▸ Your goal:
Look in the listing below for the line that has "Healthy Trail Mix", then return it and each following line up to and including the one with "Апартаменты с 1", exactly and without pictures.

Task inputs Start Marker

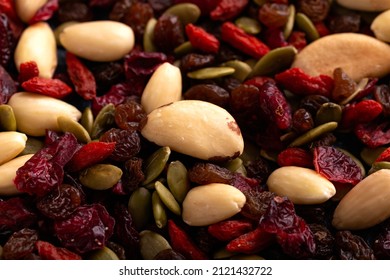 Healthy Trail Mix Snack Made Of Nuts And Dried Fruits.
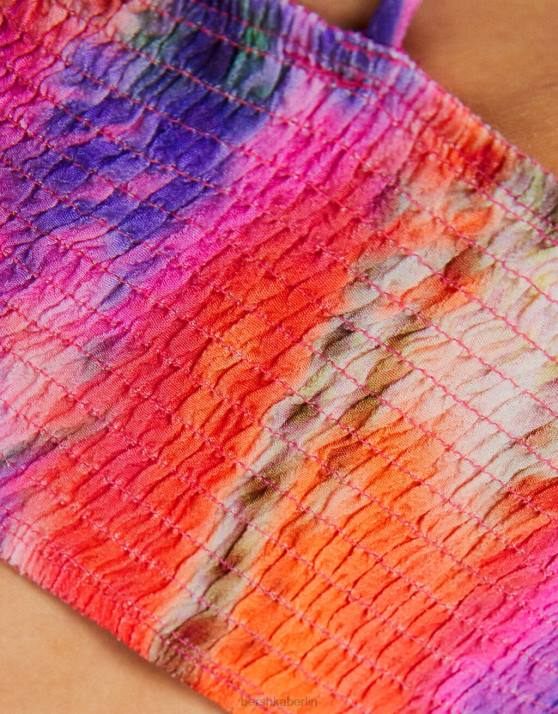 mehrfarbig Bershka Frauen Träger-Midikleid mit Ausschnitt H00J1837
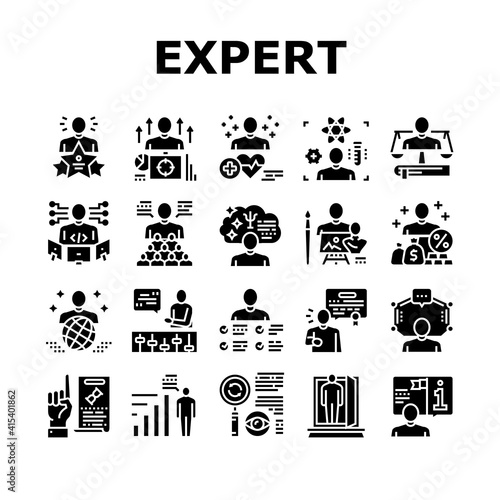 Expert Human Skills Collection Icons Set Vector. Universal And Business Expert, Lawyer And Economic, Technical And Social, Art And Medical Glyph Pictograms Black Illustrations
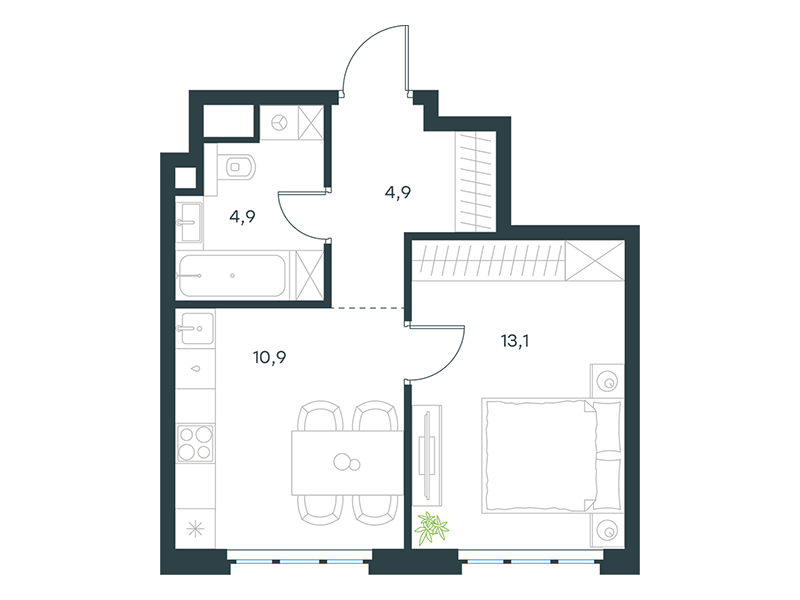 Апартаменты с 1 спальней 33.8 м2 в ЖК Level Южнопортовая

Task inputs End Marker
Task inputs Start Marker

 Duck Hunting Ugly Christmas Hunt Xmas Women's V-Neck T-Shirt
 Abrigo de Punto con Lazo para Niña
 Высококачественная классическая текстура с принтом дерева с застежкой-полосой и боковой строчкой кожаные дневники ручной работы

Task inputs End Marker
Task inputs Start Marker

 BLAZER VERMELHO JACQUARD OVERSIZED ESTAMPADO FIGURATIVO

Task inputs End Marker

▸ Result:
 Healthy Trail Mix Snack Made Of Nuts And Dried Fruits.
 mehrfarbig Bershka Frauen Träger-Midikleid mit Ausschnitt H00J1837
 Expert Human Skills Collection Icons Set Vector. Universal And Business Expert, Lawyer And Economic, Technical And Social, Art And Medical Glyph Pictograms Black Illustrations
 Апартаменты с 1 спальней 33.8 м2 в ЖК Level Южнопортовая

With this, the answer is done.